Le rinnovabili cresceranno del 50% in cinque anni. Pressing sull’Ue per ridurre il consumo di acqua nell’energia – Repubblica.it


MILANO – Nel giro dei prossimi cinque anni, al traino del fotovoltaico installato sui tetti delle case private e sui capannoni industriali, la capacità produttiva di energia da fonti rinnovabili balzerà del 50%. Ne è convinta l’Agenzia internazionale per l’energia, che però solleva un problema: non sarà comunque abbastanza per fermare il riscaldamento globale. E un altro studio scientifico, questa volta prodotto dal Joint Research Centre dell’Unione europea, dice che il percorso potrà ancora accelerare quando i policymaker del Vecchio continente – e i cittadini – prenderanno coscienza di un altro fenomeno: che ad oggi l’acqua che serve ad ogni europeo per tenere accesa la luce un giorno arriva a riempire quattro vasche da bagno.
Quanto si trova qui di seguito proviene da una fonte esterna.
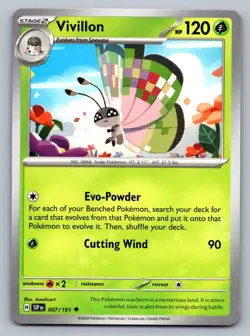 Pokemon TCG SV08: Surging Sparks Vivillon 007/191 - Image 1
A tanto, ben 1.300 litri a testa, ogni giorno, ammonta infatti il fabbisogno di acqua assorbito dai processi di generazione di elettricità. E in questo panorama, il peso degli impianti a carbone, a gas o nucleari disseminati per l’Europa è determinante. Un fattore che – sintetizza Bloomberg – non può che accrescere la consapevolezza di urgenza per una rapida transizione verso fonti alternative. “L’Europa dovrebbe tenere in considerazione il consumo di acqua nel formulare le sue politiche energetichevolte a decarbonizzare e aumentare il ricorso alle rinnovabili nelle fonti energetiche”, ha scritto il team di ricerca guidato da Davy Vanham. D’altra parte, gli impianti a combustibili fossili e nucleari pesano per il 30% dell’acqua necessaria a produrre energia consumata in Europa, contro l’1,7% combinato delle rinnovabili quali eolico, solare ed idroelettrico (quello che sfrutta i corsi naturali, ovviamente diverso è il discorso per quel che riguarda la legna e l’idroelettrico formao con dighe e laghi artificiali).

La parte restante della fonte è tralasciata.